Things have been a bit quiet around here lately, but there is a good reason: at the Gordon conference on Computer Aided Drug Design a couple of weeks ago, a confluence of ideas came together. With the opportunity to observe a series of talks and posters about what practitioners in the industry are interested in right now, and the chance to discuss my recent projects and gauge the level of interest, it all happened to coincide with a number of partially complete product explorations that have been sitting on the workshop floor, waiting for the right time and place to assemble release to the outside world.
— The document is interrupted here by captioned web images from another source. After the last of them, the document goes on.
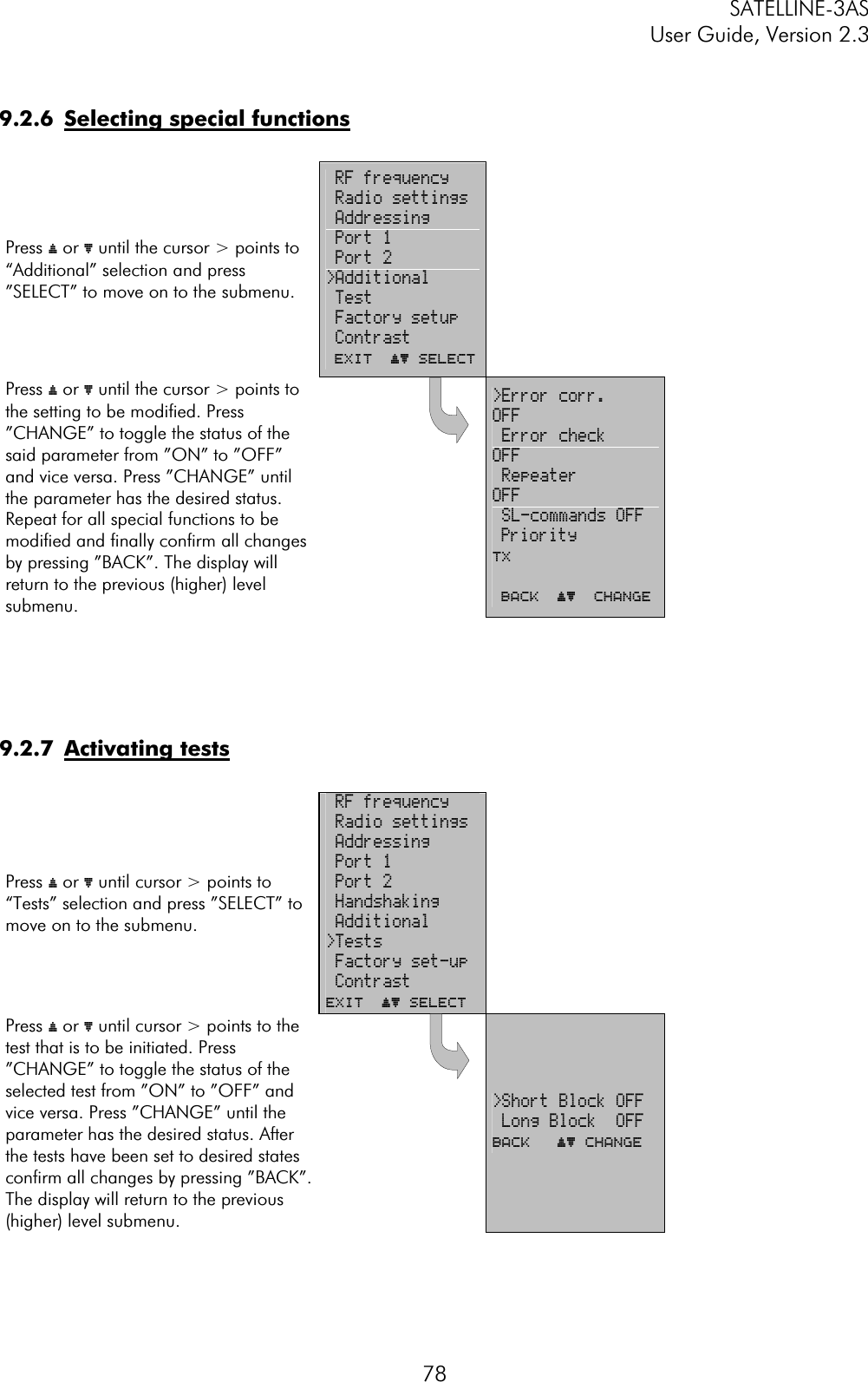 SATELLINE-3AS User Guide, Version 2.3  789.2.6  Selecting special functionsPress ý or þ until the cursor &gt; points to “Additional” selection and press ”SELECT” to move on to the submenu.   RF frequency  Radio settings  Addressing  Port 1  Port 2 &gt;Additional  Test  Factory setup  Contrast  EXIT  ýþ SelectPress ý or þ until the cursor &gt; points to the setting to be modified. Press ”CHANGE” to toggle the status of the said parameter from ”ON” to ”OFF” and vice versa. Press ”CHANGE” until the parameter has the desired status. Repeat for all special functions to be modified and finally confirm all changes by pressing ”BACK”. The display will return to the previous (higher) level submenu.  &gt;Error corr.       OFF Error check      OFF Repeater         OFF SL-commands OFF Priority          TX BACK  ýþ  Change9.2.7 Activating testsPress ý or þ until cursor &gt; points to “Tests” selection and press ”SELECT” to move on to the submenu.   RF frequency  Radio settings  Addressing  Port 1  Port 2  Handshaking  Additional &gt;Tests Factory set-up  ContrastEXIT  ýþ Select Press ý or þ until cursor &gt; points to the test that is to be initiated. Press ”CHANGE” to toggle the status of the selected test from ”ON” to ”OFF” and vice versa. Press ”CHANGE” until the parameter has the desired status. After the tests have been set to desired states confirm all changes by pressing ”BACK”. The display will return to the previous (higher) level submenu.  &gt;Short Block OFF  Long Block  OFFBACK   ýþ Change 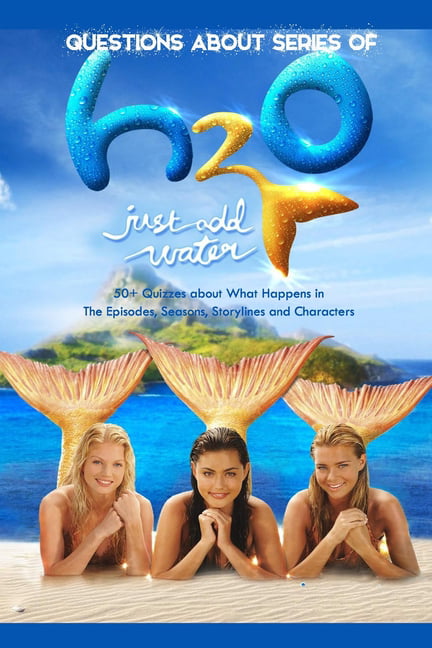 H2O: Just Add Water - Cast, Ages, Trivia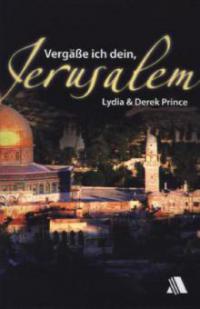 Vergäße ich dein, Jerusalem - Lydia Prince, Derek Prince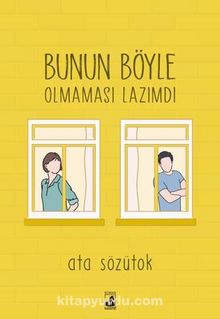 Bunun Böyle Olmaması Lazımdı - Ata Sözütok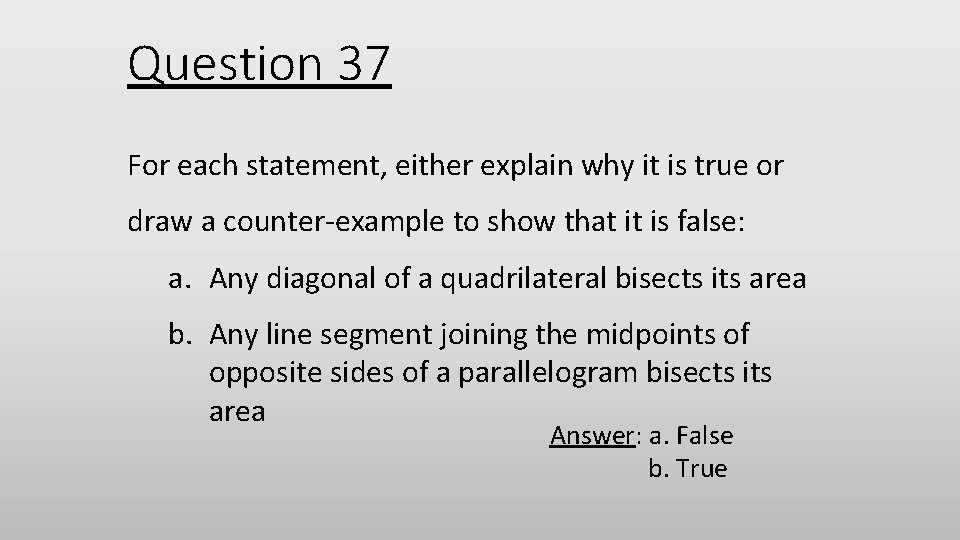 Question 37 For each statement, either explain why it is true or draw a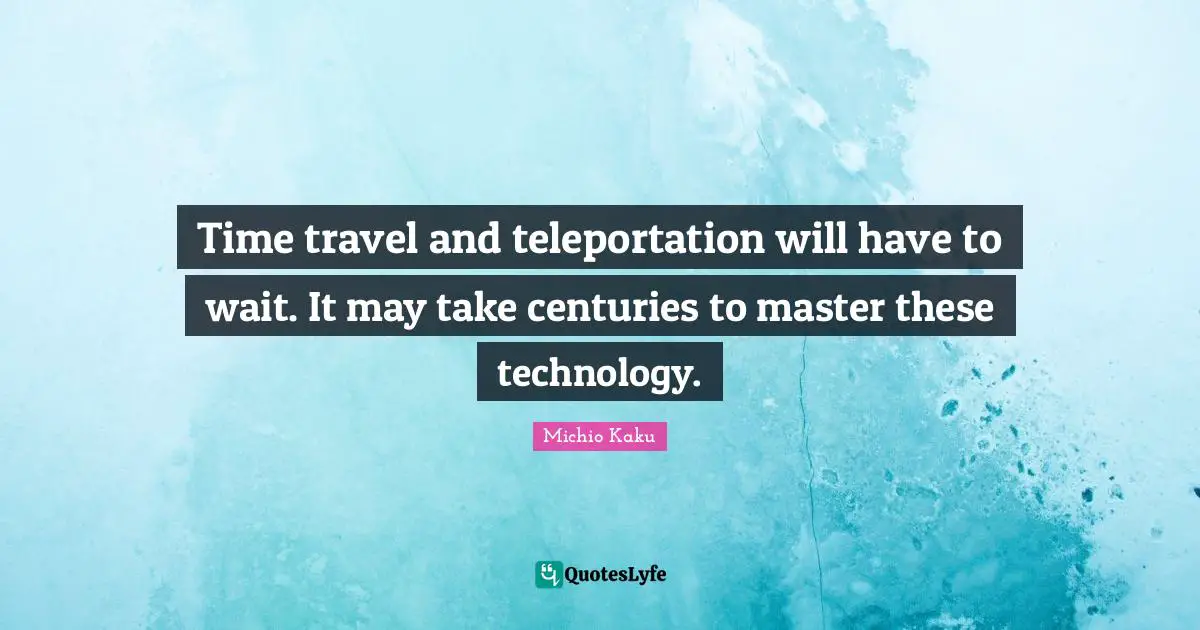 Time travel and teleportation will have to wait. It may take centuries to master these technology.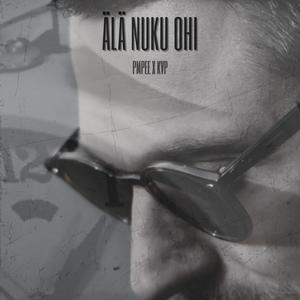 Älä nuku ohi (feat. Kosovon vanha pappa) (Explicit)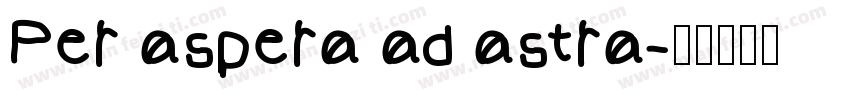 Per aspera ad astra字体转换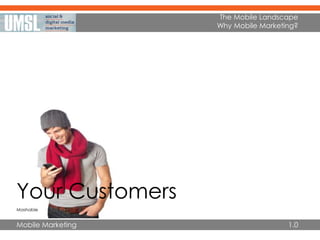Mobile Marketing
The Mobile Landscape
Why Mobile Marketing?
1.0
Your Customers
Mashable
 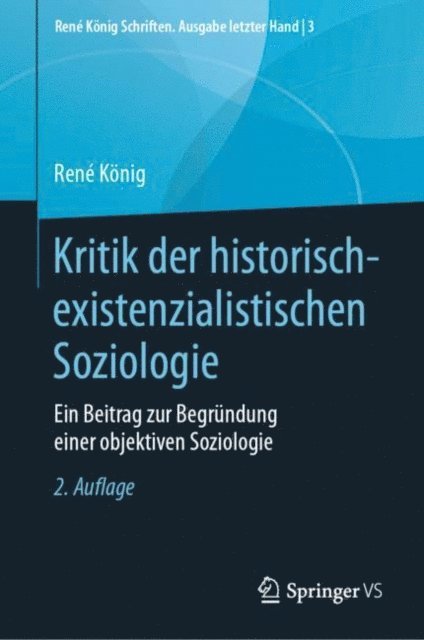 Rene Konig, Hans-Joachim Hummell - Kritik der historisch-existenzialistischen Soziologie, E-bok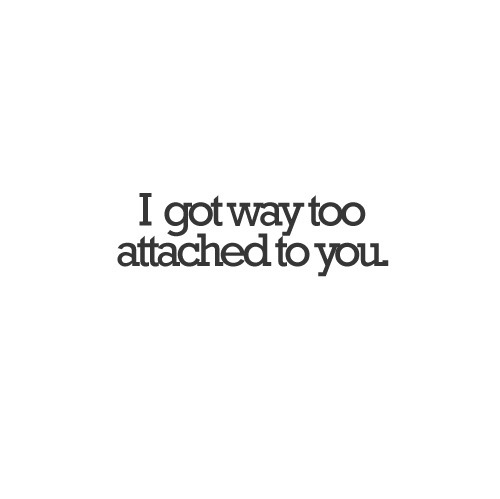 attached, attached to you and love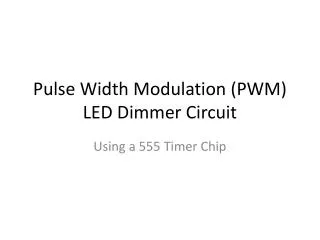 Pulse Width Modulation (PWM) LED Dimmer Circuit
One of the brutal realities that I have been struggling with for a long time with regard to finding a way to promote mobile apps for chemistry into a genuinely valuable workflow component is a paradox: appification of science is almost an oxymoron, because most kinds of science are extremely niche, very hard, and highly unique. This is the opposite best case scenario for there’s an app for that, which works best when there are millions of people with common behaviour for which 80% is good enough for everyone. That in a nutshell is why mobile apps for science are lagging so far behind even other vertically integrated niche markets.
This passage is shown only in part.